Locate the line containing "Rockstars Moving Labor LLC" in the entries below, then retype it and every later line exactly, leaving out pictures.

- _Input data_:
━━━━━━━━━━
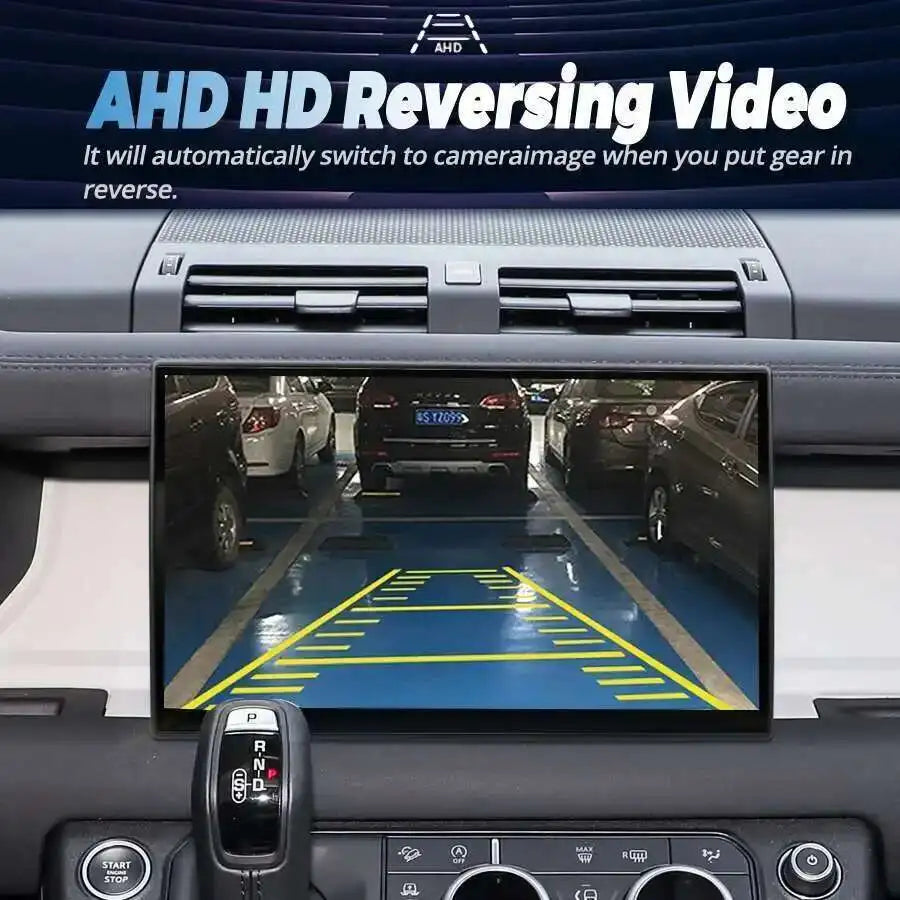 For Land Rover Defender 2018 - 2024 Screen 11.4 Inch Car Radio Infotainment System Multime | AUTOKITSHOP
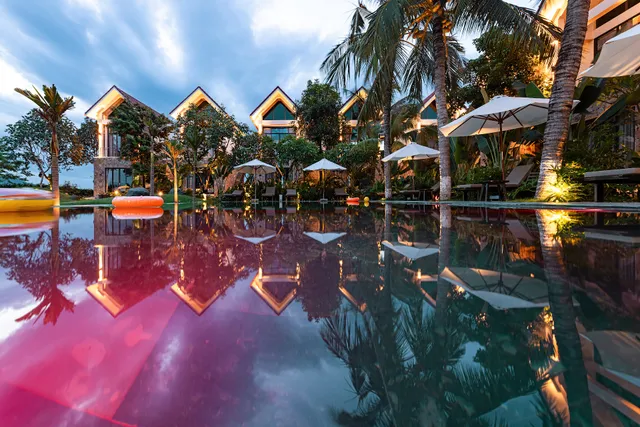 Coco Island Villa & Hotel Ninh Bình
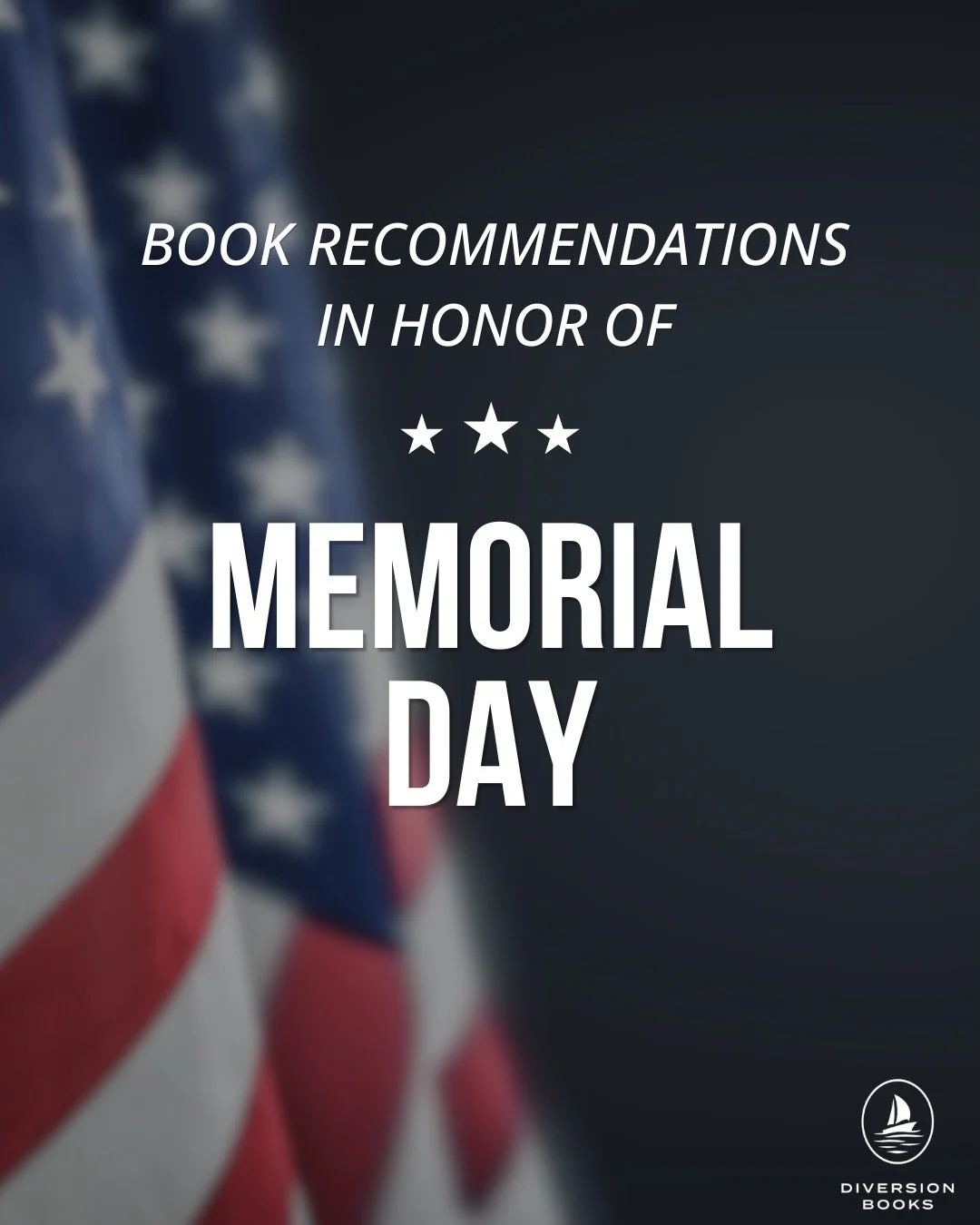 As we remember and honor our heroes this Memorial Day, we&rsquo;re sharing our top picks that inspire reflection and gratitude. 🇺🇸

Titles Featured: 📖

-THE GUILTY SLEEP by Jeremy D. Baker
-BOSTON, 1776 by @jdd.history 
-FINAL ENGAGEMENT by Christ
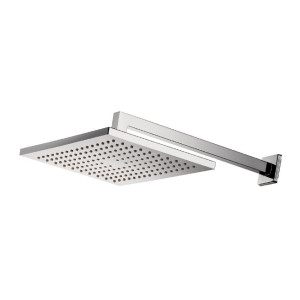 Ducha de Parede Lorenzetti LorenQuadra Plus 7025 C16 Cromada - 
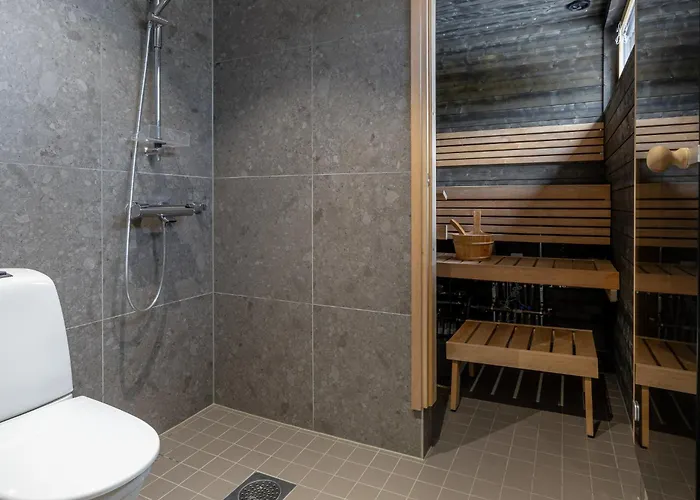 Kuusi By Hiylläs Huoneisto Äkäslompolo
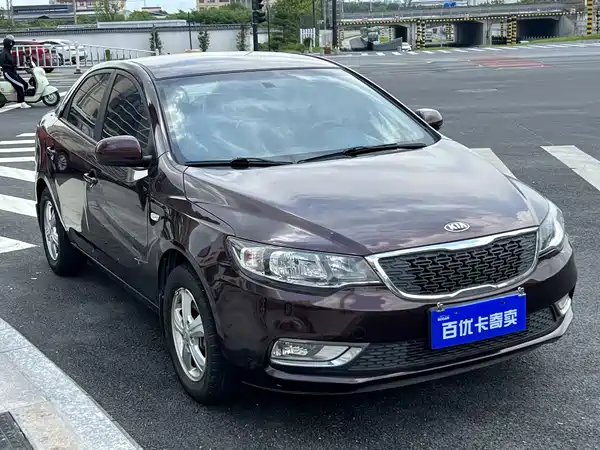 Kia Forte 2016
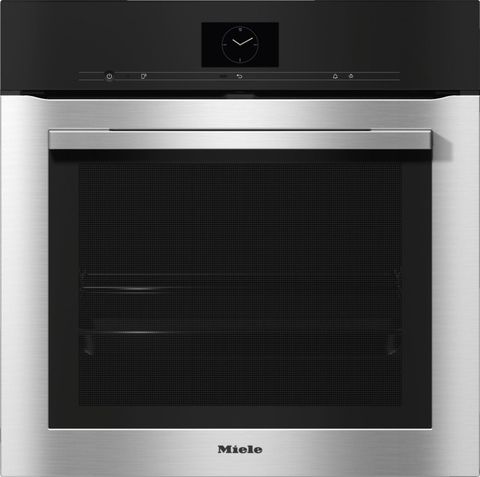 Lò Nướng Kèm Hấp Miele H 7560 BP Nhập Khẩu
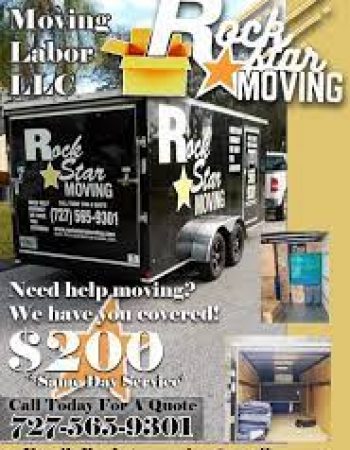Rockstars Moving Labor LLC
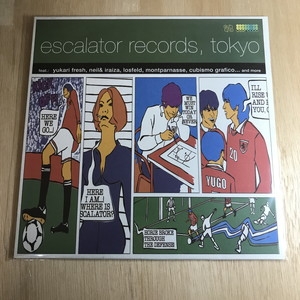 中古:盤質B】 Escalator Records | HMV&BOOKS online - 615751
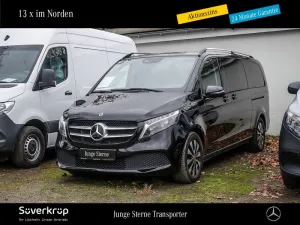 Mercedes-Benz V 250 EDITION EXTRAL NAVI LED NAVI 8SITZER PDC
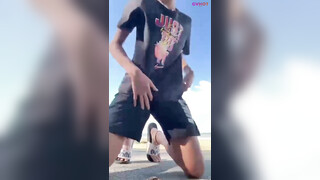 Cute Boy Japan Jerks Off Outdoor Clips Leaked (1)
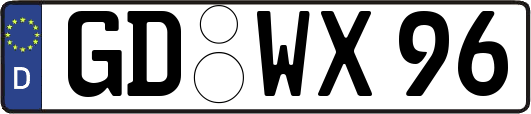GD-WX96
━━━━━━━━━━
- _Output_:
Rockstars Moving Labor LLC
 中古:盤質B】 Escalator Records | HMV&BOOKS online - 615751
 Mercedes-Benz V 250 EDITION EXTRAL NAVI LED NAVI 8SITZER PDC
 Cute Boy Japan Jerks Off Outdoor Clips Leaked (1)
GD-WX96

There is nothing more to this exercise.